Rubashov is a lifelong supporter of the Communist Party; he believes individualism is a “petty bourgeois” notion and a “grammatical fiction” that is insignificant compared to the well-being of the masses. He views himself as an instrument of the Party and, like many Communists, is willing to sacrifice himself for the good of the country. Yet he undergoes a profound change during the course of the novel, and by the last chapter, the grammatical fiction is a prominent part of his character.

The most revealing sign of Rubashov’s developing individuality is his relationship with No. 402, the neighbor with whom he communicates by tapping out ideas in a primitive fashion. No. 402’s preoccupation with anecdotes, jokes, and stories about sex instead of political matters signals his connection to individualism. Also, No. 402’s importance to Rubashov’s developing individuality is emphasized by the fact that No. 402 is a conformist from an earlier ideological era, that their first words to each other are “WHO,” and that their friendship, which becomes very important to each of them, has nothing to do with ideology but solely with human connection.

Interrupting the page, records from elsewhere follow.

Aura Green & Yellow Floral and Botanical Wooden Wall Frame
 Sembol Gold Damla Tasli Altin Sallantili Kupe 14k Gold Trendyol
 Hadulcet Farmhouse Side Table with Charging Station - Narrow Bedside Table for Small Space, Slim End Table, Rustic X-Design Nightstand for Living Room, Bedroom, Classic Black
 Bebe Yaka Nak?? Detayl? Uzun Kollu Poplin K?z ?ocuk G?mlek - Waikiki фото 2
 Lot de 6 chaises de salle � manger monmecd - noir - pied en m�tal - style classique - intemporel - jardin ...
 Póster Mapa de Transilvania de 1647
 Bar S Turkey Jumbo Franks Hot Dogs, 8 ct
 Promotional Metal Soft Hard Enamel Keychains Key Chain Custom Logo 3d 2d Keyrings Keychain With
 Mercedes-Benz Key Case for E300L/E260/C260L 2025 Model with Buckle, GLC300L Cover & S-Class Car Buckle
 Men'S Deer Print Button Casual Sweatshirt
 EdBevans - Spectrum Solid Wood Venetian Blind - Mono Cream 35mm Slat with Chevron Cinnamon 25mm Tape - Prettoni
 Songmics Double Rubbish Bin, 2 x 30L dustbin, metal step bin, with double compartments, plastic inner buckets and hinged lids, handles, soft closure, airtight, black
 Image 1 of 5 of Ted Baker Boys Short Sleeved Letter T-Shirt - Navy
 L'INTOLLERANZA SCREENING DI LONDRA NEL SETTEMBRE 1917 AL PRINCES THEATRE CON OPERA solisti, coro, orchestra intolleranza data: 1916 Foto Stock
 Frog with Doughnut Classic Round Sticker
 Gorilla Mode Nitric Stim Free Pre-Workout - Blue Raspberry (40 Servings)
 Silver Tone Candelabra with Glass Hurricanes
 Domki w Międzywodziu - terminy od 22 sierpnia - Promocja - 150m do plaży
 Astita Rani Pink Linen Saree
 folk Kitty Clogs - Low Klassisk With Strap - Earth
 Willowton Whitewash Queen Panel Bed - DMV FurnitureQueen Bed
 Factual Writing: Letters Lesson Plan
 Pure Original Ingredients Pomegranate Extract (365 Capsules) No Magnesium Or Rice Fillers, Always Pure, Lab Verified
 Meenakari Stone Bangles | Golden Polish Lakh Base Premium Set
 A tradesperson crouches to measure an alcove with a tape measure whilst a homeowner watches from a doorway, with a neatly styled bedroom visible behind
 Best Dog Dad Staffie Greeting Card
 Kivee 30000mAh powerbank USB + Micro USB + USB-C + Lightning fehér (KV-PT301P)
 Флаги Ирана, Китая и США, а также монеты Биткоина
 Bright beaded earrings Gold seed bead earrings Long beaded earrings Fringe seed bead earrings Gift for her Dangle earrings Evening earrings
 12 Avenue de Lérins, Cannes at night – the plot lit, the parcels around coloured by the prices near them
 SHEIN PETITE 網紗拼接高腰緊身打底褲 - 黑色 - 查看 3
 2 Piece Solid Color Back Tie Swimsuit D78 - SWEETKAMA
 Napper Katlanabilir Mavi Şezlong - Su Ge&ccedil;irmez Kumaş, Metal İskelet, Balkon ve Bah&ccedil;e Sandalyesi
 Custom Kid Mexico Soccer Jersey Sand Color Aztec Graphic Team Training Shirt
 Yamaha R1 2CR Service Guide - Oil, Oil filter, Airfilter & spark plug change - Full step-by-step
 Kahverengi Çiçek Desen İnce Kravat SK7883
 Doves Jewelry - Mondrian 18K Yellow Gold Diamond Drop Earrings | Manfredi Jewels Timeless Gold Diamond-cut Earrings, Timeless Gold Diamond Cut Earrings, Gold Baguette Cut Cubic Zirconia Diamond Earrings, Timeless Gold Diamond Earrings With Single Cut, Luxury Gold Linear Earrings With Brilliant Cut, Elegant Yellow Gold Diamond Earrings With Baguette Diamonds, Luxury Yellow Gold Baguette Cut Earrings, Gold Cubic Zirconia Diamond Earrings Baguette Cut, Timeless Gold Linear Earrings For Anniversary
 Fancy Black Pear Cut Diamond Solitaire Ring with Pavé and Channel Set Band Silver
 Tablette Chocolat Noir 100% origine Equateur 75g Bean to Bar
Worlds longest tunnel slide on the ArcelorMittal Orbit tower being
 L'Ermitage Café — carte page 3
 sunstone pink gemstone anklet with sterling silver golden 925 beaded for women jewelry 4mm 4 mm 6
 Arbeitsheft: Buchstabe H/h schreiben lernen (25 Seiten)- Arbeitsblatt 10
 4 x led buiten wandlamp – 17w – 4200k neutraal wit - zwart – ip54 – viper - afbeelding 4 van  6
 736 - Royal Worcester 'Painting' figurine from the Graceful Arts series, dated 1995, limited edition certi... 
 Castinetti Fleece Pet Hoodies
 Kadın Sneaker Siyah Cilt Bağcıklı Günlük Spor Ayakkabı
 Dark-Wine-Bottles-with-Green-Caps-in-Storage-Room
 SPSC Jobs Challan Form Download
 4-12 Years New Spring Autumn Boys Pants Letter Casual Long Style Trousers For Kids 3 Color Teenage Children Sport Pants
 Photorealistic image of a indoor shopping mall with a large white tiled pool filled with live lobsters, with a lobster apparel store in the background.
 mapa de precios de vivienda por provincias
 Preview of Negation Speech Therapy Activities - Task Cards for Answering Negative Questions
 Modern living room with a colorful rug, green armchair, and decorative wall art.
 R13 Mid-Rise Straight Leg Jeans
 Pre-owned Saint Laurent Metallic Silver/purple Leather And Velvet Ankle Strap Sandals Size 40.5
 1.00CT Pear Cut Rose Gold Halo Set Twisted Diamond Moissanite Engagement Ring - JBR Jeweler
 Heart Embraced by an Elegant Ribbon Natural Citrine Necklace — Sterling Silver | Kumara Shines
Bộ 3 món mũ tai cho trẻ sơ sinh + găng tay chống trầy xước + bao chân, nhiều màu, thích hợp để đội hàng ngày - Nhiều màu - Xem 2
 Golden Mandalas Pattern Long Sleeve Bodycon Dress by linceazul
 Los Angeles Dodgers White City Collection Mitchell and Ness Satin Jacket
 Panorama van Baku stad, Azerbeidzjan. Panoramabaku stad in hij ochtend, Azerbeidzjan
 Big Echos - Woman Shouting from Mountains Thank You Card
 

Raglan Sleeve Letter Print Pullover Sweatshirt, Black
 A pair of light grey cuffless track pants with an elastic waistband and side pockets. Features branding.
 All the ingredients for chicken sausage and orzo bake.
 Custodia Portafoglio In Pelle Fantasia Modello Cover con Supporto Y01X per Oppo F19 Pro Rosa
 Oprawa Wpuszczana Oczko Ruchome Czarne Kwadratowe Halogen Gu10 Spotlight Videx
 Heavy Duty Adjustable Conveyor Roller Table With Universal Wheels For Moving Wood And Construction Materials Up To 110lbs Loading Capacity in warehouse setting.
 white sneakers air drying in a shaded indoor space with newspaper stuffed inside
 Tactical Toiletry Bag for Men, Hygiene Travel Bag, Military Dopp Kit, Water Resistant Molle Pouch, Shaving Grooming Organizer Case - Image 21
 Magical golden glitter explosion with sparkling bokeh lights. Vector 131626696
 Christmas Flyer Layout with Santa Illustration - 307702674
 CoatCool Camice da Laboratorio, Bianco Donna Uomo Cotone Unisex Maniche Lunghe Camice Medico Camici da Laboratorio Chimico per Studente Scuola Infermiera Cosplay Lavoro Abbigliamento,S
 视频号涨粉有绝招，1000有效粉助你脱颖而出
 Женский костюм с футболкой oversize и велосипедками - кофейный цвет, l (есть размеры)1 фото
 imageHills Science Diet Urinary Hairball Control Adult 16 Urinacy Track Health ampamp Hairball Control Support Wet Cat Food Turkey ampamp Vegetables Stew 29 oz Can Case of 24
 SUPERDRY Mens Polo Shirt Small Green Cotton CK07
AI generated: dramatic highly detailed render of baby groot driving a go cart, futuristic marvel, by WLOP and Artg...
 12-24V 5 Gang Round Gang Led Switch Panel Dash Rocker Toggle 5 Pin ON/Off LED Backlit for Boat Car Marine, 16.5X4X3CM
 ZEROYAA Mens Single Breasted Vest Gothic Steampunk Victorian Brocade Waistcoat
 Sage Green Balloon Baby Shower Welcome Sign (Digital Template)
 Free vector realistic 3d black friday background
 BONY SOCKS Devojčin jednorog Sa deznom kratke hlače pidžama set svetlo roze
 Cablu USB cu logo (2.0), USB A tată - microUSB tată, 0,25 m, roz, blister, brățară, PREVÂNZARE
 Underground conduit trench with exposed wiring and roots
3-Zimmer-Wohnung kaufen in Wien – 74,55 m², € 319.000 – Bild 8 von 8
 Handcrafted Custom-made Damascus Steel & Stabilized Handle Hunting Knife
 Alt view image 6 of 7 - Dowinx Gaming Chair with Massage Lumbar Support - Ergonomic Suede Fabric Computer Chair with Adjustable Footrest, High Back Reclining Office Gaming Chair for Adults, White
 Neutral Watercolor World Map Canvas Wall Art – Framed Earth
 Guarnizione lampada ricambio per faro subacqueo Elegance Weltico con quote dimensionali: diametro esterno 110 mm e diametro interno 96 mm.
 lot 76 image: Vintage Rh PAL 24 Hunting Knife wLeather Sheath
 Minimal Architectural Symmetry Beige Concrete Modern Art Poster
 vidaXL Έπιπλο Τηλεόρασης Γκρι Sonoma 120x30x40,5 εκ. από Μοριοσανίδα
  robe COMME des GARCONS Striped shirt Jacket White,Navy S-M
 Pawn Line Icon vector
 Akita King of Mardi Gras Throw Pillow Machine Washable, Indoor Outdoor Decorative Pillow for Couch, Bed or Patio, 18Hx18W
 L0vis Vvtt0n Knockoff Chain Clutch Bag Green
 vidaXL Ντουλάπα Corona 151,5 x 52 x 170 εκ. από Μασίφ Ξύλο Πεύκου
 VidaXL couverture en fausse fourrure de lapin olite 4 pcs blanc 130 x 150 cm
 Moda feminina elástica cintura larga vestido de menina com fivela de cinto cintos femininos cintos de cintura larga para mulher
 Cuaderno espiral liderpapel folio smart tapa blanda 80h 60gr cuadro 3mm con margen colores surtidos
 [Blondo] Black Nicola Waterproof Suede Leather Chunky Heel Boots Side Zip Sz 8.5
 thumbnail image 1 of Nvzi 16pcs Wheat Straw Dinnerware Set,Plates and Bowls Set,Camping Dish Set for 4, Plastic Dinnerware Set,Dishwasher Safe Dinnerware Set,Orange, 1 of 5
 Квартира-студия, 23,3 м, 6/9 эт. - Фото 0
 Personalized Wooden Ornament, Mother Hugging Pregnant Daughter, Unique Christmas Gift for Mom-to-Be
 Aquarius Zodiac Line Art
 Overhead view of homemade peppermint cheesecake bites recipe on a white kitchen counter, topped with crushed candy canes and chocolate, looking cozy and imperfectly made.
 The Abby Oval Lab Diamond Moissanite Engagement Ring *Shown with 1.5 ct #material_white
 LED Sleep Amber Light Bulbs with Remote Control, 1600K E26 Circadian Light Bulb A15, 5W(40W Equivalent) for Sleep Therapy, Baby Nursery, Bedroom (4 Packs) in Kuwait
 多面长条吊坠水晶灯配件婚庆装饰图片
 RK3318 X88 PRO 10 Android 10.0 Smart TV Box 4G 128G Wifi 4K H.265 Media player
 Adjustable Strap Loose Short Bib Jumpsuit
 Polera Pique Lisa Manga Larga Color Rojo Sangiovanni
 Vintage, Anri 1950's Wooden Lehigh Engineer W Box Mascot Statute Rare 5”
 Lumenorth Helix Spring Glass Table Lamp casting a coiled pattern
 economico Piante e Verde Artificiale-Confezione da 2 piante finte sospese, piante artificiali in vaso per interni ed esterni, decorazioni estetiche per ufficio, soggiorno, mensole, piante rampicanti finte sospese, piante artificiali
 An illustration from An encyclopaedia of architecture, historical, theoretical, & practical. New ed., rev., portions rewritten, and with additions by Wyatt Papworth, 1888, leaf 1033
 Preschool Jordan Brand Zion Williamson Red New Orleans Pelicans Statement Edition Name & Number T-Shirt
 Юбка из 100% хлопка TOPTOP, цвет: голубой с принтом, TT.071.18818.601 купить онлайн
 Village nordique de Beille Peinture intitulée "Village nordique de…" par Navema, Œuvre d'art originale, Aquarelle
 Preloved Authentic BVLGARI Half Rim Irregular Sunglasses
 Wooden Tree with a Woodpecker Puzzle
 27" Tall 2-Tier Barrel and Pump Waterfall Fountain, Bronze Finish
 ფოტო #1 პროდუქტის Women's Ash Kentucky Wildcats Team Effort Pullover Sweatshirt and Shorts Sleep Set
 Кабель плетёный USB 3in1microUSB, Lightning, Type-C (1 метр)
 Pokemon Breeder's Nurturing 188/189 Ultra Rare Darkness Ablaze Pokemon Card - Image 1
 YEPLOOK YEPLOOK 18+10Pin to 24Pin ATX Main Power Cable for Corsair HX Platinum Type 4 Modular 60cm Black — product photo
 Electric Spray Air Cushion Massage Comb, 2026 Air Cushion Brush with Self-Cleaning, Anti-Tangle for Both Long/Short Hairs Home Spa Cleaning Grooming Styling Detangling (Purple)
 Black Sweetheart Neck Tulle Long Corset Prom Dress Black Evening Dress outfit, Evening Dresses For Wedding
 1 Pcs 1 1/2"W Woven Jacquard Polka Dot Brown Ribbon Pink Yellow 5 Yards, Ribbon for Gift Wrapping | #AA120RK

Individualism is not confined to Rubashov’s sense of self; it invades his philosophizing and becomes vital to the political analysis of the novel. Just before he is taken to be executed, Rubashov’s vision of a potential political future is dominated by what he calls the “oceanic feeling” and what psychologists would call an expression of the limitless sense of self associated with individuality. This political vision, with its religious cult of followers in “monks’ cowls,” is probably not posed as a viable alternative to Communism, however. In fact, it appears to be an irony on the glorification of individualism that would be the opposite of the Communist position and suggests that Koestler is by no means advocating any kind of unbounded individualism in politics. Nevertheless, the book refutes the idea that individualism should always be repressed and highlights a case where its repression has a dreadful result.

Psychological Limits
Along with political explorations of a totalitarian and authoritarian state, Koestler provides a focused portrait of a character undergoing a kind of psychological tyranny. The novel examines the results of the complete mental exhaustion of a character extremely firm in his rationality and accustomed to all kinds of physical torture. In what Gletkin calls “a matter of constitution,” Rubashov is denied any sleep or mental rest and is brought through a nightmare of questioning and humiliation until he arrives at what is, in a perverse way, the extreme conclusion of his rational thoughts. This study of the human capacity to be an instrument of logic without comfort or individuality is an important theme of the text and is one of the defining distinctions between what Rubashov considers the “old guard” and the “Neanderthal” new type of Communist.